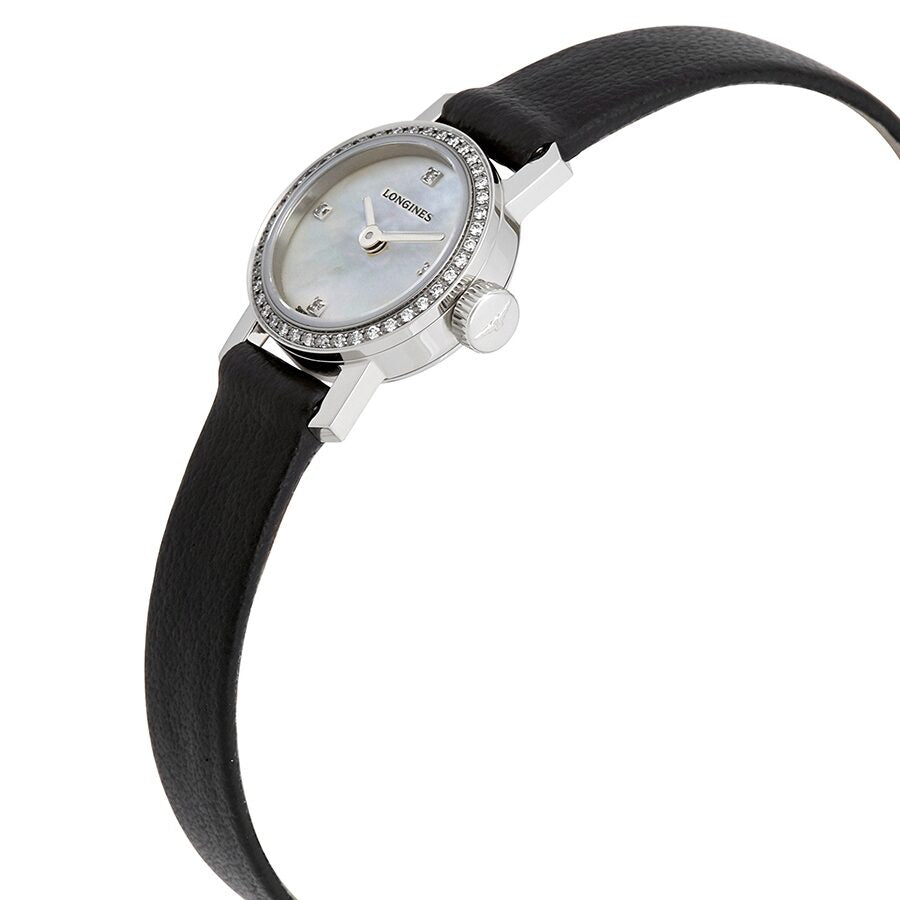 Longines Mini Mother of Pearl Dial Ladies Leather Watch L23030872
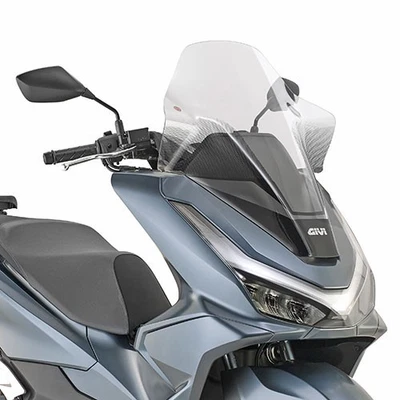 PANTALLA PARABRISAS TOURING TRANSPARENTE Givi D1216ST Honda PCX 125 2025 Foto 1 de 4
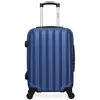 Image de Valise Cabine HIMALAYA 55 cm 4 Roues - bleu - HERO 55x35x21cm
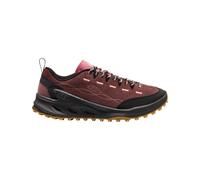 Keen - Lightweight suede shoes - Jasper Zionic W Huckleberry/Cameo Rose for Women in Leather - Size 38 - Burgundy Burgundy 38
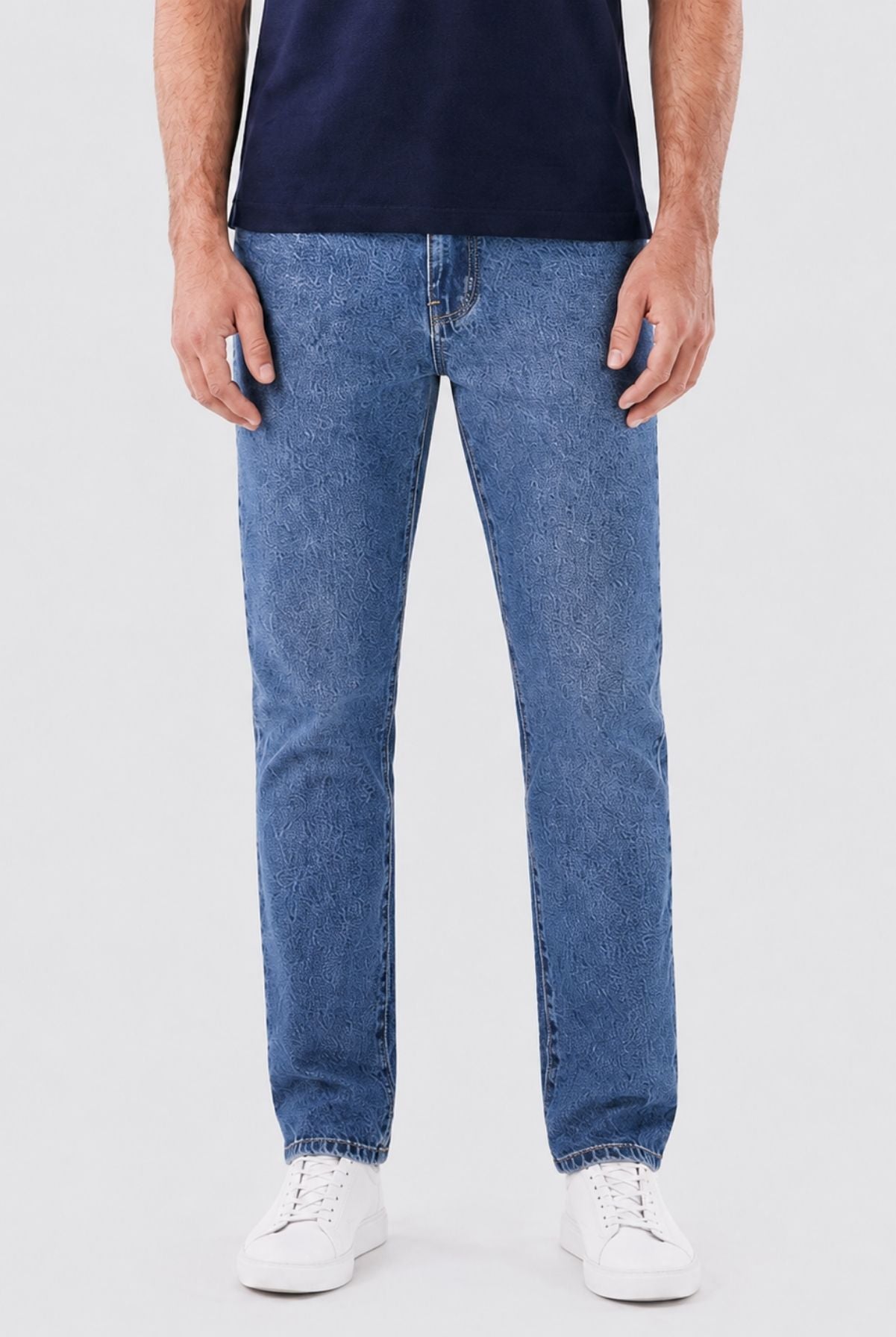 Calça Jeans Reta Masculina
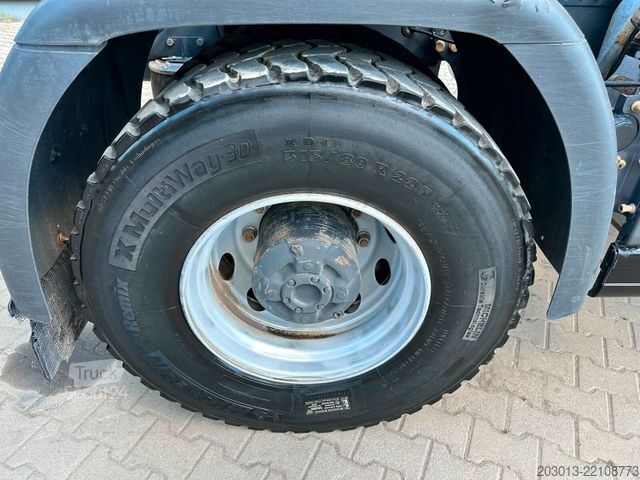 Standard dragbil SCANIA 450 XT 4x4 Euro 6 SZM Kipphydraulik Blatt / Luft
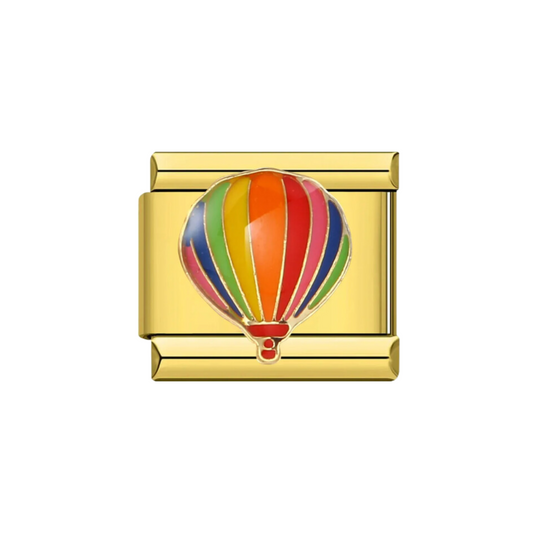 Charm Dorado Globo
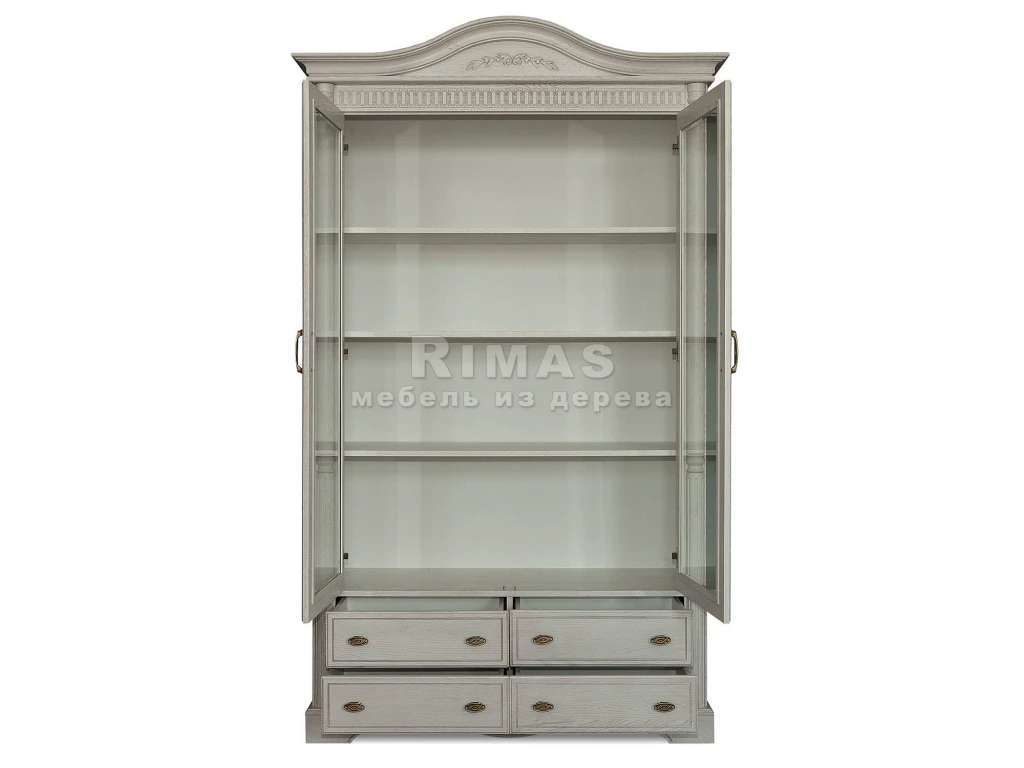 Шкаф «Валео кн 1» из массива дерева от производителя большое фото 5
------------------------
- **What is required**
The lines from the one containing "PANTALLA PARABRISAS TOURING" through the end of the data above are to be copied exactly, both ends included, and pictures are to be omitted.

- **Written answer**
 PANTALLA PARABRISAS TOURING TRANSPARENTE Givi D1216ST Honda PCX 125 2025 Foto 1 de 4
 Image de Valise Cabine HIMALAYA 55 cm 4 Roues - bleu - HERO 55x35x21cm
 Keen - Lightweight suede shoes - Jasper Zionic W Huckleberry/Cameo Rose for Women in Leather - Size 38 - Burgundy Burgundy 38
 Calça Jeans Reta Masculina
 Standard dragbil SCANIA 450 XT 4x4 Euro 6 SZM Kipphydraulik Blatt / Luft
 Charm Dorado Globo
 Шкаф «Валео кн 1» из массива дерева от производителя большое фото 5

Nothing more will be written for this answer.